Segment Open

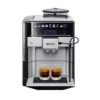 TE657313RW EQ.6 s700 Fully Automatic Coffee Machine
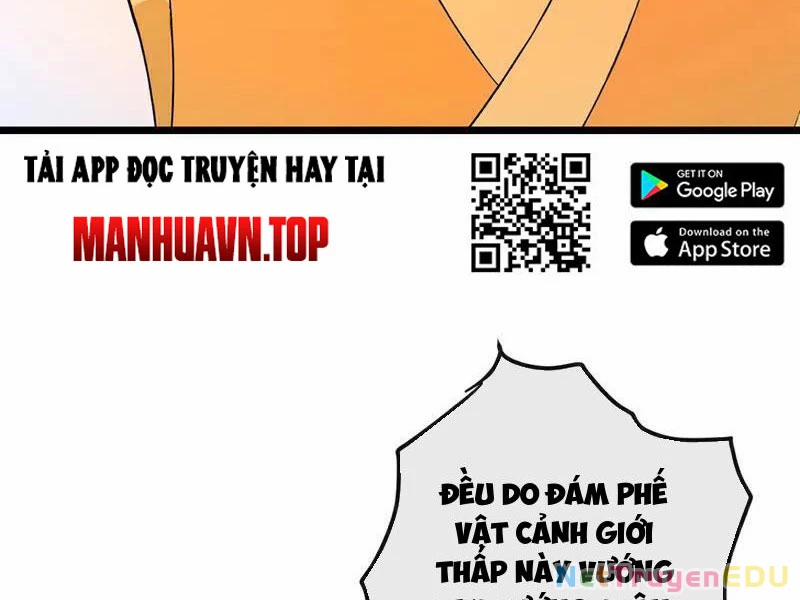 Tuyệt Thế Đan Thần 229 trang 18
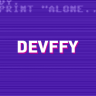 devffy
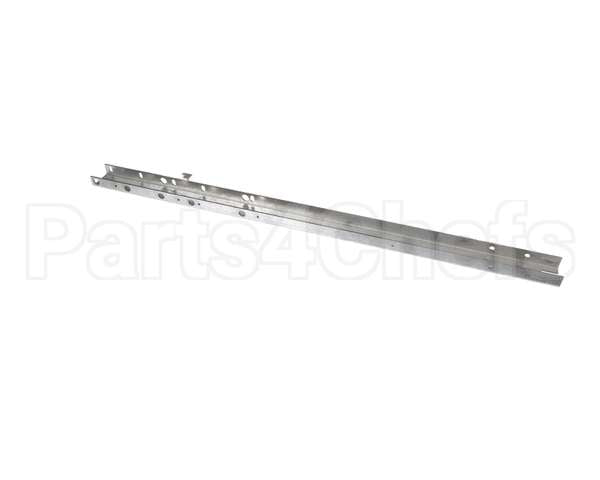 00-921728 Vulcan Hart Channel, Lh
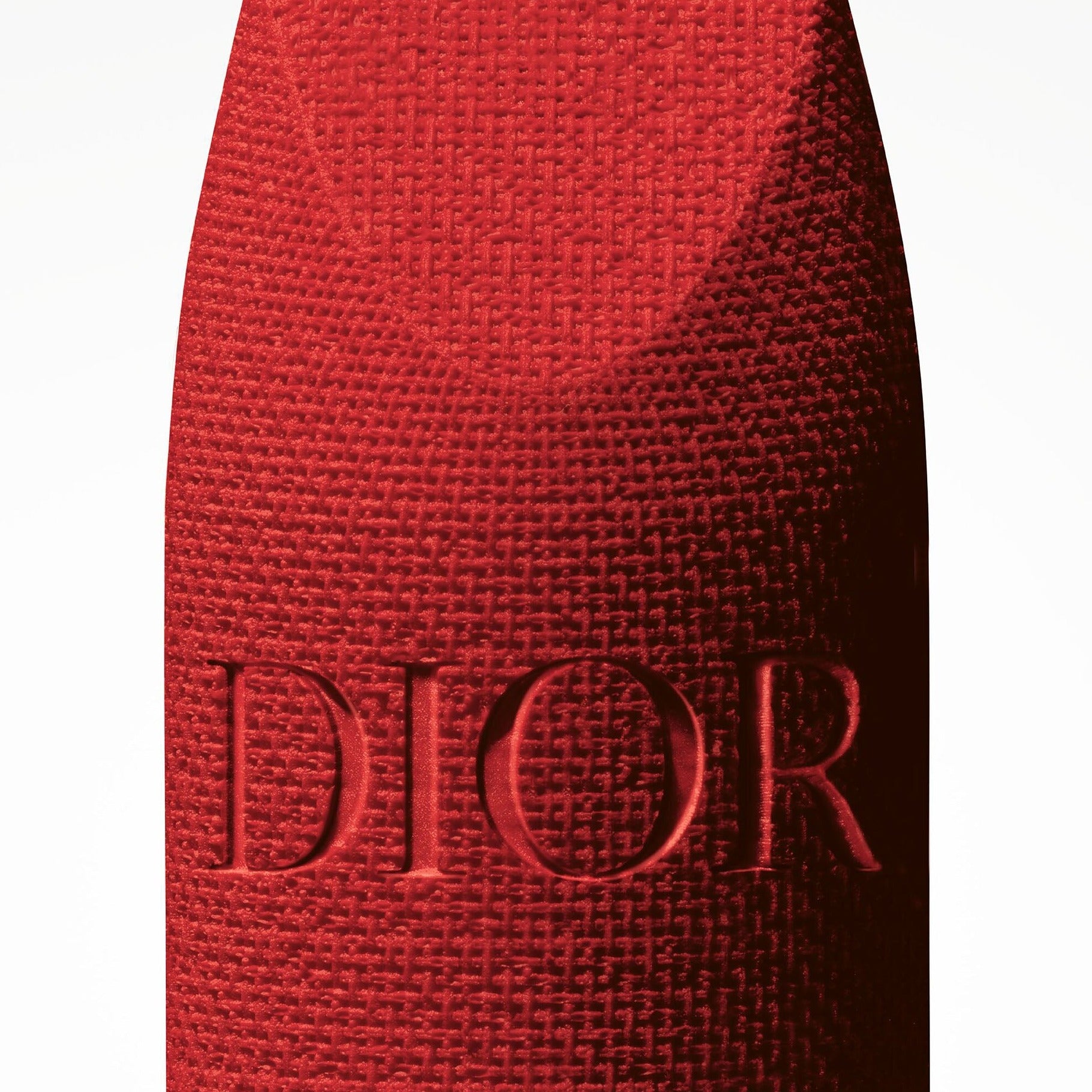 Rouge Dior The Refill
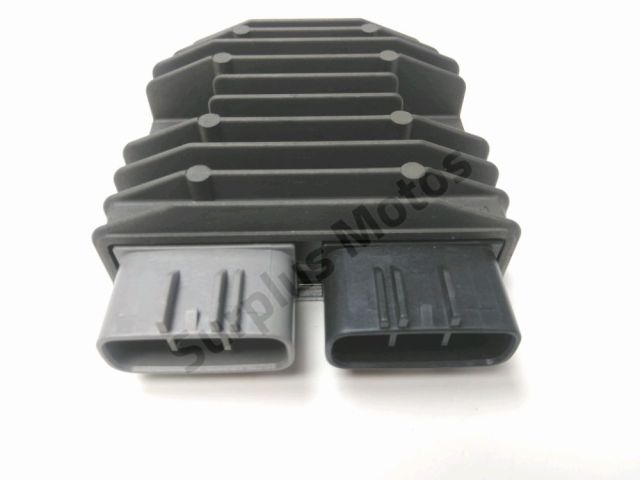 Regulateur de tension occasion BMW C 650 GT 2013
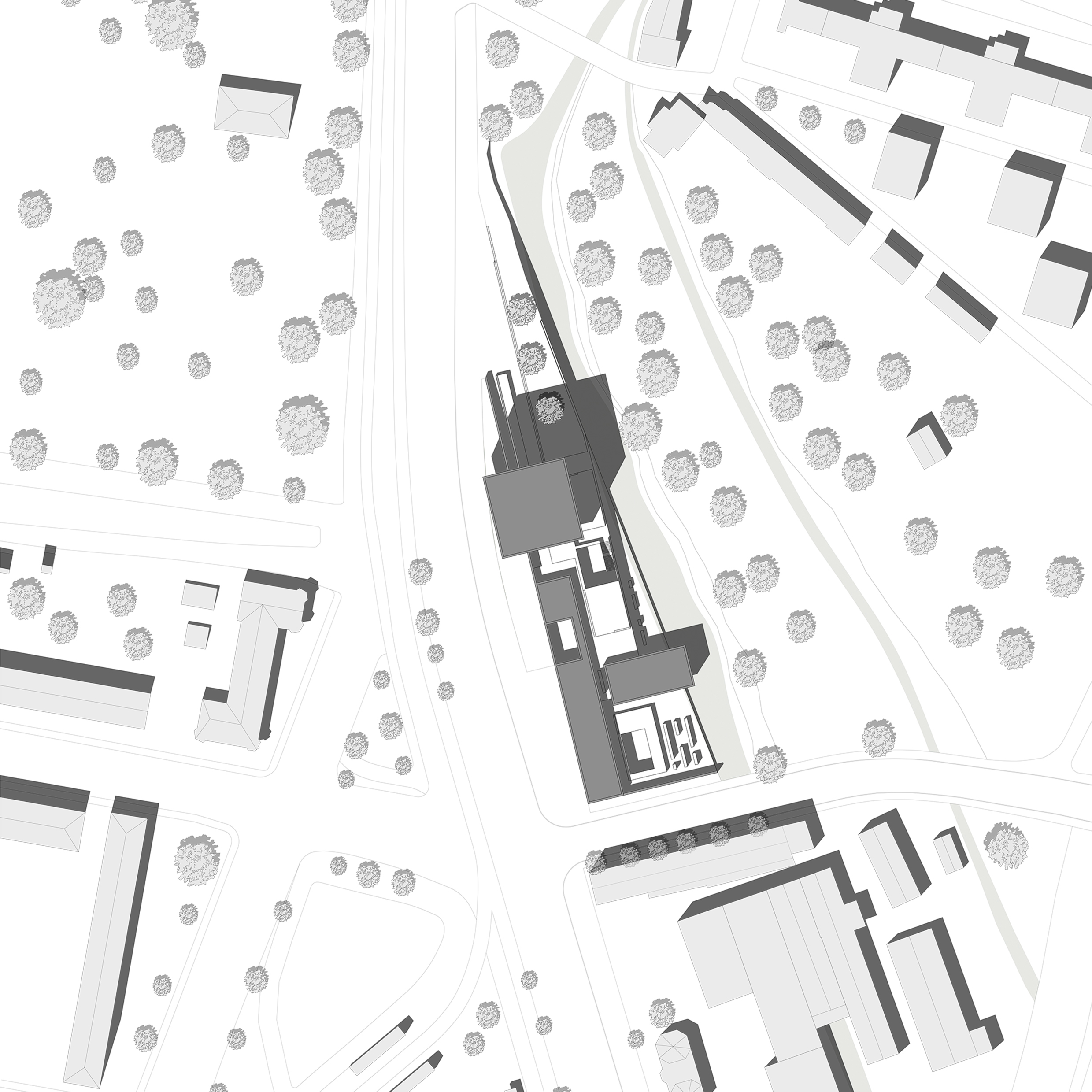 https://stefanschroeder.org/wp-content/uploads/2020/09/1-Lageplan.jpg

Segment Closed

Only exact duplicates of the lines from the one containing "Tuyệt Thế Đan Thần 229 trang 18" through the final line of the entries, both included, are needed, with pictures left out.

Written answer =>
 Tuyệt Thế Đan Thần 229 trang 18
 devffy
 00-921728 Vulcan Hart Channel, Lh
 Rouge Dior The Refill
 Regulateur de tension occasion BMW C 650 GT 2013
 https://stefanschroeder.org/wp-content/uploads/2020/09/1-Lageplan.jpg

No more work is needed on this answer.